UPSC Maths 2025 Paper 2 Q2a — Solution

15 marks · Section A

Question

Define Cauchy sequence and prove that every convergent sequence of real numbers is a Cauchy sequence. What is the importance of Cauchy condition?

Technique

An $\varepsilon/2$ -argument using the triangle inequality, followed by a discussion of the completeness of $\mathbb{R}$ .

Solution

Definition (Cauchy sequence). A sequence $(a_n)_{n\ge1}$ of real numbers is a Cauchy sequence if for every $\varepsilon > 0$ there exists a positive integer $N$ (depending on $\varepsilon$ ) such that $|a_m - a_n| < \varepsilon \quad\text{for all } m,n \ge N.$ Intuitively, the terms eventually get arbitrarily close to one another, without reference to any limit value.

Theorem. Every convergent sequence of real numbers is a Cauchy sequence.

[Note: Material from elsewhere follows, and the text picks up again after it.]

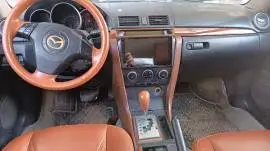 مازدا زوم 3 2016, RF16990388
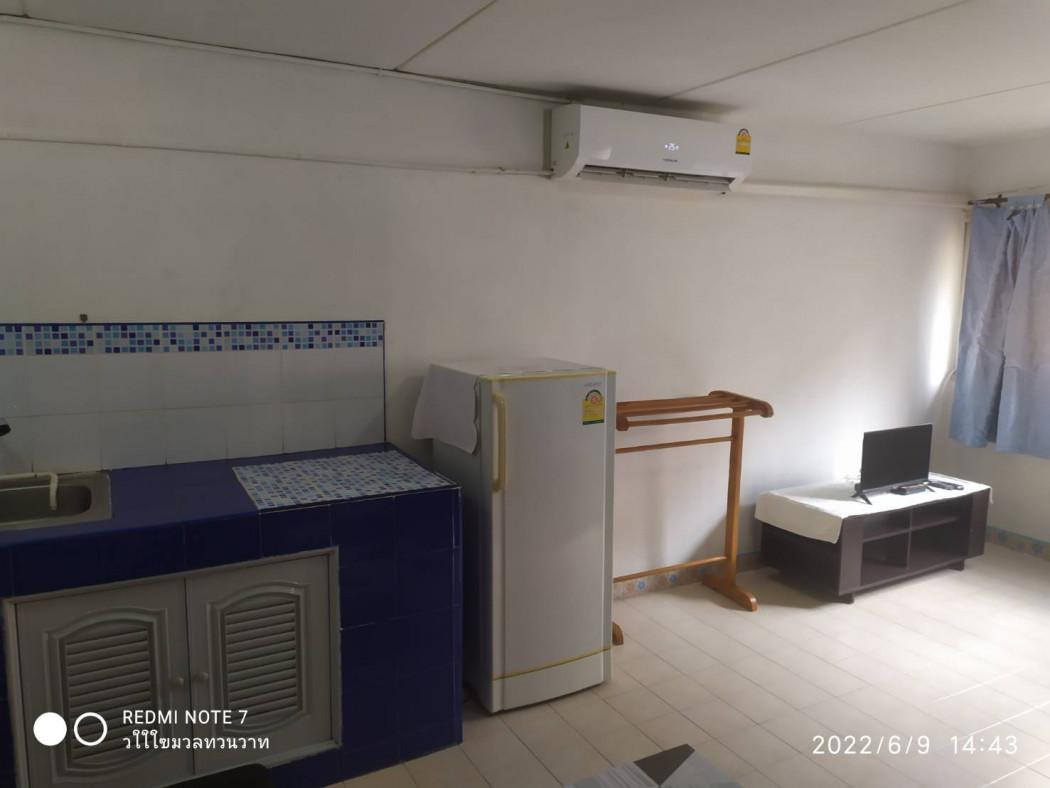 ขาย ห้องชุด ป๊อปปูล่า คอนโด Popular Condo พร้อมอยู่ เมืองทองธานี รูปที่ 10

Proof. Suppose $(a_n)$ converges to a limit $L\in\mathbb{R}$ , i.e. $\forall\,\varepsilon>0,\ \exists\, N\in\mathbb{N}\ \text{ s.t. } |a_n - L| < \tfrac{\varepsilon}{2}\ \text{ for all } n\ge N.$

Let $\varepsilon > 0$ be given. Choose $N$ as above for the value $\varepsilon/2$ . Then for any $m,n \ge N$ , both $|a_m - L| < \varepsilon/2$ and $|a_n - L| < \varepsilon/2$ . By the triangle inequality, $|a_m - a_n| = |(a_m - L) - (a_n - L)| \le |a_m - L| + |a_n - L| < \frac{\varepsilon}{2} + \frac{\varepsilon}{2} = \varepsilon.$

Thus for every $\varepsilon>0$ there is $N$ with $|a_m - a_n| < \varepsilon$ for all $m,n\ge N$ . Hence $(a_n)$ is a Cauchy sequence. $\qquad\blacksquare$

Importance of the Cauchy condition.

Intrinsic criterion for convergence. A Cauchy sequence is defined entirely in terms of its own terms — no prior knowledge of the limit is needed. This lets us establish convergence even when the limit is unknown or hard to compute.
Completeness of $\mathbb{R}$ . The converse — every Cauchy sequence of reals converges — is the completeness property of $\mathbb{R}$ (Cauchy’s general principle of convergence). Together with the theorem above, this gives $\text{a real sequence converges} \iff \text{it is Cauchy}.$ This equivalence characterises $\mathbb{R}$ as a complete metric space. The rationals $\mathbb{Q}$ are not complete: e.g. the decimal truncations of $\sqrt2$ form a Cauchy sequence in $\mathbb{Q}$ with no rational limit.
Foundation for analysis. Completeness underlies the convergence of series, uniform convergence (via the Cauchy criterion), the construction of $\mathbb{R}$ from $\mathbb{Q}$ , the Banach fixed-point theorem, and the theory of complete (Banach) spaces.

Answer

A Cauchy sequence satisfies: $\forall \varepsilon>0\ \exists N$ with $|a_m-a_n|<\varepsilon$ for $m,n\ge N$ . Every convergent real sequence is Cauchy (proved by the $\varepsilon/2$ triangle-inequality argument). The Cauchy condition is important because in $\mathbb{R}$ it is equivalent to convergence (completeness), giving an intrinsic test for convergence that needs no knowledge of the limit.